The “whole of one’s life” extends to include that person’s relationships to others and to society. If we are to take Krishnamurti at his word, then this epidemic calls for therapies that are social, economic, and political, and not just physical or even mental. In other words, there is a political dimension to the epidemic of psychiatric illnesses. They alert us to a society that is indeed “profoundly sick.”
I believe that we can take Krishnamurti’s aphorism a step further. To be well in a profoundly sick society, one must contribute to the healing of that society. A Mind of Your Own would not be complete if it sought only to give advice to individuals seeking help and ignored the system that is harming them. Just as there is a political dimension to the depression epidemic, so also must any truly holistic book on the subject carry political implications.
On a sociopolitical level we face a choice that echoes the allopathic/holistic distinction: Do we attempt to “fix the patient” – our ailing body politic – or do we accept the invitation into the unknown? So far, the choice has mostly been the former. For example, after the 2008 financial crisis, we bolstered ailing financial institutions with “injections” of liquidity to keep the system going, rather than transitioning to a post-growth ecological economy. After the November terror attacks in Paris, France and the EU strengthened the security state, rather than moving into a post-imperial geopolitics that no longer seeks to maintain dominance. In the fashion of an addict, we address failure by doing even more of the same, hoping that more competent management of the situation will buy time for some miracle to happen.
Addressing psychiatry, A Mind of Your Own welcomes the invitation into new territory that the failure of pharmacological psychiatry offers. Will the profession accept that invitation? Will we accept it, when it comes, as individuals? Will we accept it as a civilization? As one of the defining diseases of our time, depression afflicts us on a collective level as well as a personal.

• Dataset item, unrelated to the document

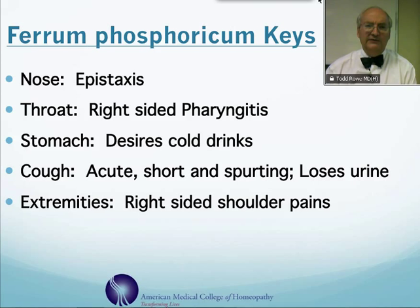Ferrum phosphoricum is typically quite thirsty, and they crave cold drinks. They also can have problems with coughs that are short and spurting, and often with their cough they will lose their urine. Also, it's one of our main remedies for right shoulder bursitis that tends to be burning or cramping in pain.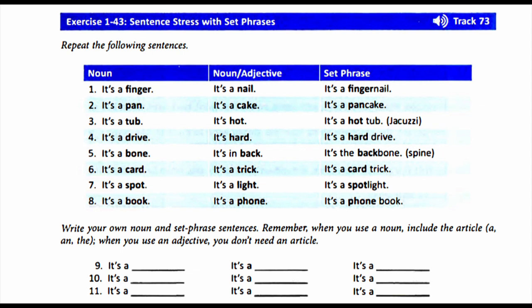1. It's a finger. It's a nail. It's a fingernail. 2. It's a pan. It's a cake. It's a pancake.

Jimmy Carter identified it as “malaise.” It is hard to deny the signs: the going-through-the-motions, the lack of vision and direction, the feeling of being trapped in an intolerable but inescapable situation, a premonition of doom that swings from anxiety to panic to numbness, the feelings of powerlessness, the loss of agency, the deflation of former goals and ambitions. It was a telling moment when George W. Bush, hoping no doubt to rekindle that adventurous can-do spirit of the previous generation’s moon missions, announced the goal of a manned landing on Mars. Hooray, a new goal to incite our passion! It didn’t work, did it? Most of you probably don’t even remember the announcement. Inflated versions of old aspirations aren’t going to help. The old story that generated those aspirations is dying. It is time to stop fighting the invitation into the unknown that depression offers on a personal and collective level.
The age of the separate self is coming to an end. We can no longer stand to live in its boxes. I look forward to the day when psychiatric medication goes the way of lobotomy, electroshock therapy, straitjackets, and padded cells, to be followed by the demise of their kin in every realm: prisons, state surveillance, pesticides, genetic engineering, forced schooling, military occupation, confinement feedlots, the War on Drugs, economic austerity… the whole apparatus of domination and control. That is why, although it focuses on a small part of the bandwidth of suffering on this planet, A Mind of Your Own is a revolutionary book. I hope it reaches the many revolutionaries-in-the-making among the depressed, the anxious, the addicted – everyone who rebels against the story that rules our world.